Web page caption snippets
↓↓↓

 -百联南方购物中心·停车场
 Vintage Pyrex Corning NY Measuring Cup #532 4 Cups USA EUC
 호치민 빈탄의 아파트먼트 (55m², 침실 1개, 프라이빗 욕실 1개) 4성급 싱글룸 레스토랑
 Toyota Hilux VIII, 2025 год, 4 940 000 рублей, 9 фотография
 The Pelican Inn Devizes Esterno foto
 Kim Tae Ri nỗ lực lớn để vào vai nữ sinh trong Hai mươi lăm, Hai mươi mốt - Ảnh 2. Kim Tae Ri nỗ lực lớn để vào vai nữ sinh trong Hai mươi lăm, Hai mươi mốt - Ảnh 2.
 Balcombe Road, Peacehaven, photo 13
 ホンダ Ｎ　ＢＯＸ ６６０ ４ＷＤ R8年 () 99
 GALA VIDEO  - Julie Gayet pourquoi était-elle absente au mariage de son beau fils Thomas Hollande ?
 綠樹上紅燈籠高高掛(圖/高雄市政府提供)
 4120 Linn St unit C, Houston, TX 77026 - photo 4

↑↑↑

- PROBLEM TO SOLVE: For this exercise, please output exactly the lines above starting at the line with "- Ảnh 2. Kim" and ending at the line with "綠樹上紅燈籠高高掛(圖/高雄市政府提供)", ends included.

- PROBLEM SOLUTION:
 Kim Tae Ri nỗ lực lớn để vào vai nữ sinh trong Hai mươi lăm, Hai mươi mốt - Ảnh 2. Kim Tae Ri nỗ lực lớn để vào vai nữ sinh trong Hai mươi lăm, Hai mươi mốt - Ảnh 2.
 Balcombe Road, Peacehaven, photo 13
 ホンダ Ｎ　ＢＯＸ ６６０ ４ＷＤ R8年 () 99
 GALA VIDEO  - Julie Gayet pourquoi était-elle absente au mariage de son beau fils Thomas Hollande ?
 綠樹上紅燈籠高高掛(圖/高雄市政府提供)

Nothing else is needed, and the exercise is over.